Which is to segue gracelessly to the fact that this year, besides writing and work, I have myself a couple of projects. The first is to make the best use (not to say most frequent use, just best use) of my new bread machine. I used to spend all too much money on getting decent bread from places like Wood & Brick and another little place in Hongdae–I think it’s called Rosemont bakery?–but now I can make lovely breads — rye, whole wheat, buckwheat–at home for a fraction of the cost.
(Yeah, buckwheat. I made some last night. It was actually Sourdough Buckwheat bread, but my “sourdough” was really just “sour dough”–some fermenty starter that probably was a bit too gone. The bread was, well, interesting at first, but mostly good.)
Which is good, because the other hobby I’ve decided I’m going to take up is homebrewing. I was scared off by the book I first got on the subject, Ray Daniels’ Designing Great Beers, but I found something more suited to my level–which is, absolutely, zero-level. As in, 1st edition “Treasure Hunt” module zero-level character: one hit point, crappy saving throws, and no skills beyond maybe a trade and a poorly spoken foreign language. What I found was the third edition of Charlie Papazian’s excellent The Complete Joy of Home Brewing, and after checking out the first few chapters I have to say I really like the man’s attitude, as he constantly repeats the phrase:
Relax, don’t worry, have a homebrew.
I aspire to the same relaxed, optimistic, even-keeled nature that Papazian demonstrates in his discussion of home brewing.

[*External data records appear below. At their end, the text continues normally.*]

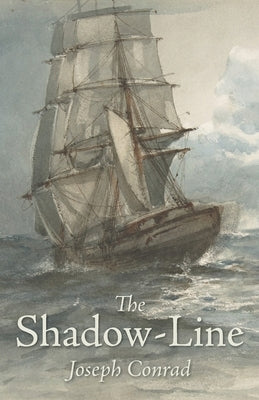 The Shadow-Line Paperback Portmay Press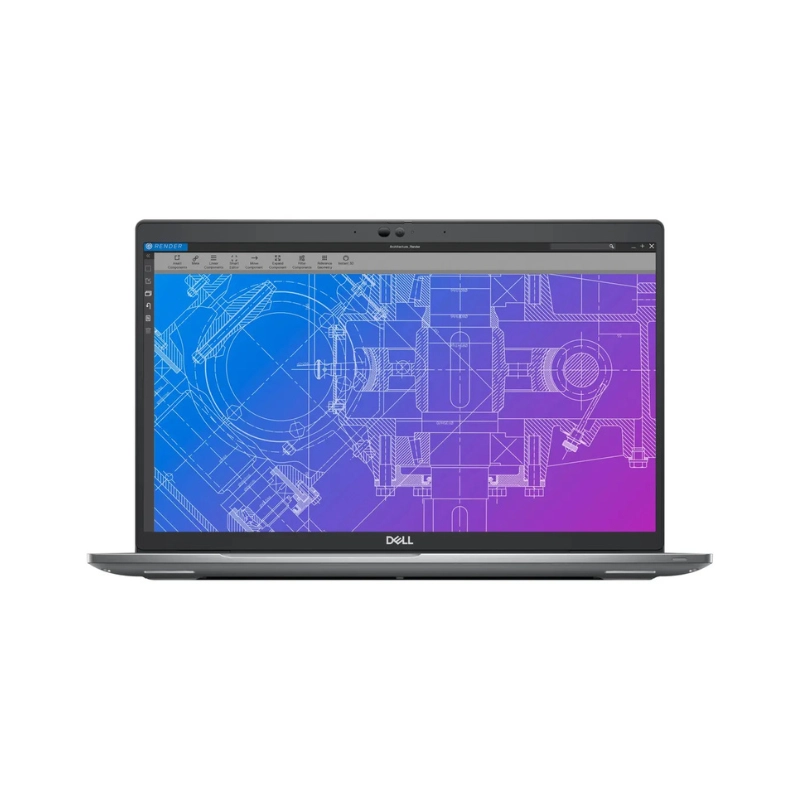 Dell Precision 3571 workstation
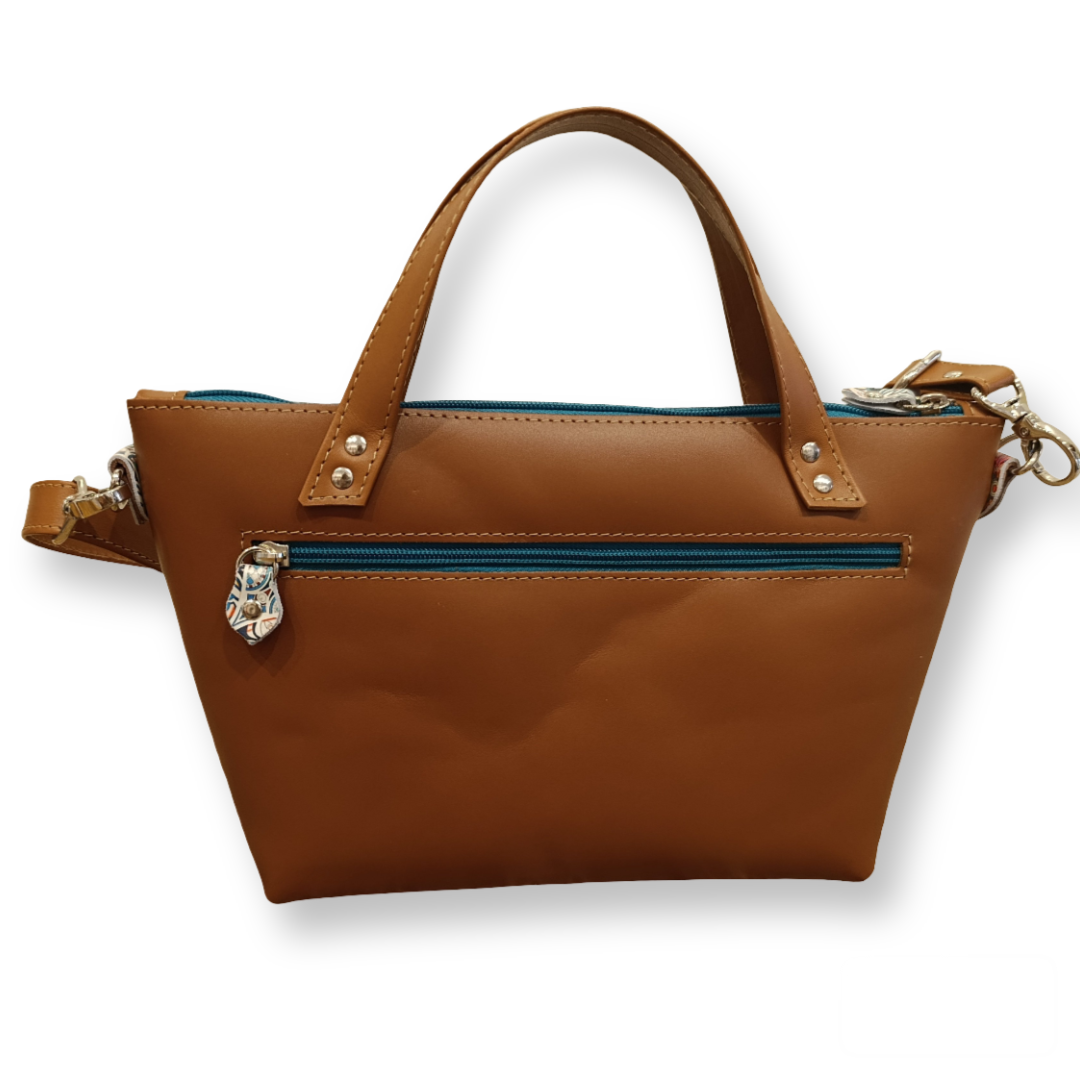 Bolso Kibon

And I aspire to brew me some lovely beer in my empty(-ish) storage room. And what could be more encouraging than to stumble upon a blog devoted to that very subject, by a newish homebrewer in Korea? If you’re looking for information on supplies, techniques, internet sources, and much more, Homebrew Korea is without a doubt the site you want to visit. I’ll be checking in as I gather stuff to launch myself into this hobby.
People don’t post resolutions online for Lunar New Year, but I think that I just did the closest thing I have to personal resolutions for 2009. Suits me fine: I’m always a month behind anyway.